昨年後半に Vox の編集主幹から New York Times のコラムニストに転身した気鋭のジャーナリストであるエズラ・クラインのポッドキャストに、当代最高の SF 作家のひとりであるテッド・チャンが出演している。
そういえばテッド・チャンというと、少し前には New Yorker に、シンギュラリティなんてこないよと論じる文章(日本語訳)を寄稿しており、これが普通の作家なら、新刊のプロモーションなのかなと思うところだが、寡作で知られるテッド・チャンにそれはない、よね?
エズラ・クラインのポッドキャストに話を戻すと、アーサー・C・クラークの有名な「十分に発達した技術は魔法と区別がつかない」という言葉をテッド・チャンがお気に召さない理由に始まり、錬金術、宗教、スーパーヒーロー、自分が死ぬ日が分かるなら知りたいか?(テッド・チャンは知りたいそうだ)、自由意志、など話題は多岐に渡るが、やはり面白いのは AI と資本主義の関係についての話である。

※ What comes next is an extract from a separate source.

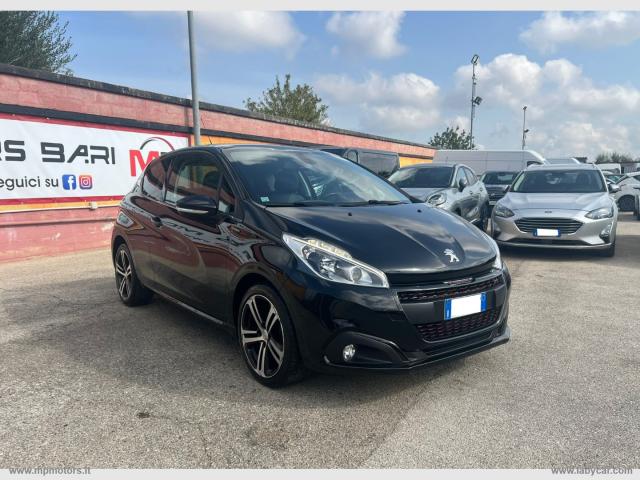 Auto - Peugeot 208 gt line 1.2 110cv puretech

テッド・チャンは3年以上前にもこのあたりを論じているが、AI に対する恐れの大半は、資本主義に対する恐れであり、それはテクノロジー全般にもあてはまり、今やテクノロジーと資本主義は非常に密接に絡み合っており、この二つを区別することは難しいと語る。
そして、デンマークなど、国民皆保険があり、育児がしやすく、大学の学費は無料の国と、アメリカのような資本主義の国では、テクノロジーへの恐れの度合いは変わるのではないかと語る。アメリカのような資本主義国では、テクノロジーはコスト削減と企業利益の旗印のもとに人々を失業させ、生活を困難にするものだから。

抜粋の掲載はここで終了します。